The new Sonar network requires sites to generate a minimum of 100,000 monthly impressions. It is divided into 16 affinity groups made up of specific types of consumers – for example, those who peruse auto sites. By way of comparison, one of DoubleClick’s two existing networks places ads only on sites that generate at least 1 million monthly impressions. The other requires a minimum of 2 million impressions, an exclusive ad-placement relationship from the site, and it sells ads on a site-specific basis.
Jacobson said he expects Sonar’s CPMs to come in “somewhere between 24/7 and Flycast.” The network also is designed to let marketers go online to check the performance of their banners, cutting out poorly performing sites or redirecting the number of impressions to sites that are doing well.

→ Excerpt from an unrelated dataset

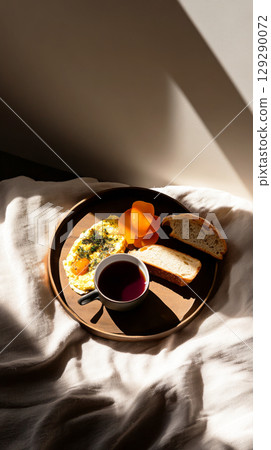 Bright morning light filters through as breakfast is served, featuring fluffy eggs, fresh bread, and a warm cup of tea, creating a serene and comforting start to the day 129290072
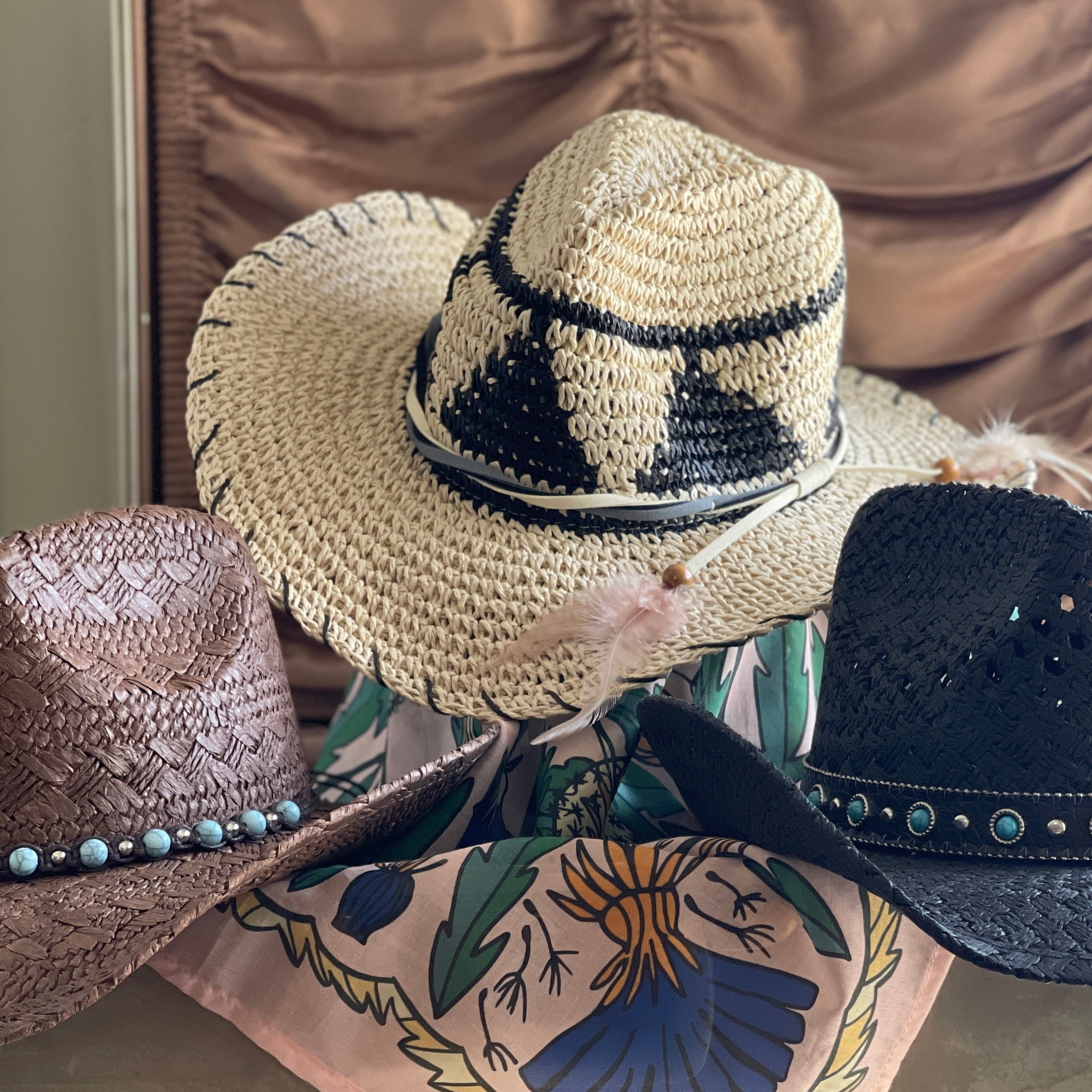 Woven straw hats stacked on display with a pink fabric scarf and muted background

“Direct marketers typically find it really important to keep a hand on a campaign, not just have somebody tell them that we’re ‘auto-optimizing,’ ” Jacobson said.
Apparently, Sonar has been well received so far. Jacobson said his 25-person sales force has been talking up the network for about a month and has already signed up 90 sites representing a billion monthly impressions. When asked about the 11.11 million impressions-per-site average those figures add up to, Jacobson said some sites in the new network have low profiles but still generate considerably more than the 100,000 impression minimum.

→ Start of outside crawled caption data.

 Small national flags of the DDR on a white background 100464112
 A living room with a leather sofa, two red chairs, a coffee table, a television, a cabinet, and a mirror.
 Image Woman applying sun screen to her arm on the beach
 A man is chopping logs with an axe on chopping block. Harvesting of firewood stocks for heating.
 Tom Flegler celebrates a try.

DoubleClick expects Sonar to surpass 2 billion monthly impressions before the end of the first quarter. Still, Jacobson made it clear that the company has no plans to abandon its strategy of representing the marquee Web sites through its other networks.
“There’s really nobody who’s competing well with us in that space,” he said. “In fact, that’s one of the reasons we’ve put together an entirely separate network with its own sales staff. We don’t want to confuse that message. That’s still what the DoubleClick network will stand for.”